Wir meinen es ernst, wenn wir dich bitten, Jesus, du Herr des Lebens: Wir wollen hören, was du sagst, und glauben. Amen.
Zweifel und Herausforderung beim Thema Frieden in der Gemeinde
Das Thema „Jesus ist unser Friede“ steht im Mittelpunkt für unsere Gemeinden. Ich gebe zu, dass ich darüber nachgedacht habe, ob ich dafür überhaupt der geeignete Redner bin. Denn im letzten halben Jahr haben viele Konflikte stattgefunden. Viele haben zumindest dazu beigetragen, manche sagen sogar, sie hätten die Konflikte angezettelt. Es wird oft gesagt: „Am besten hältst du den Mund, dann haben wir Frieden.“ Doch so entsteht eigentlich nur Streit, und das ist nicht wirklich gut.

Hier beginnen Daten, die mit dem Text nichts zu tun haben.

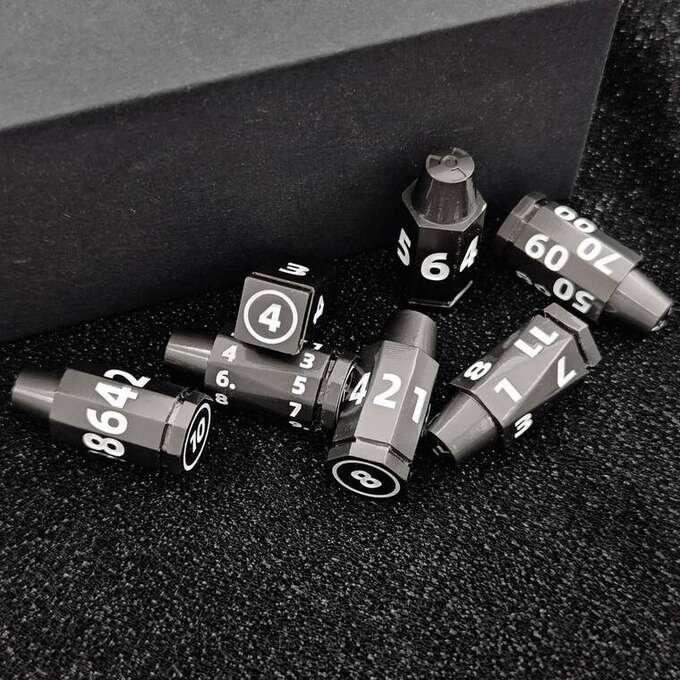 Bullet-Shaped Metal Dice Set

Ich neige gern dazu, dieser Aufforderung Folge zu leisten – aus Trägheit und aus Harmoniesucht. Doch ich bin mir noch nicht ganz sicher, ob der Friede, den ich dadurch bewirke, dem entspricht, von dem das Wort Gottes in diesem Text spricht. „Er ist unser Friede“ – nun, ich sage, das Wort Gottes spricht hier davon. Das muss man allerdings mit einem Fragezeichen versehen.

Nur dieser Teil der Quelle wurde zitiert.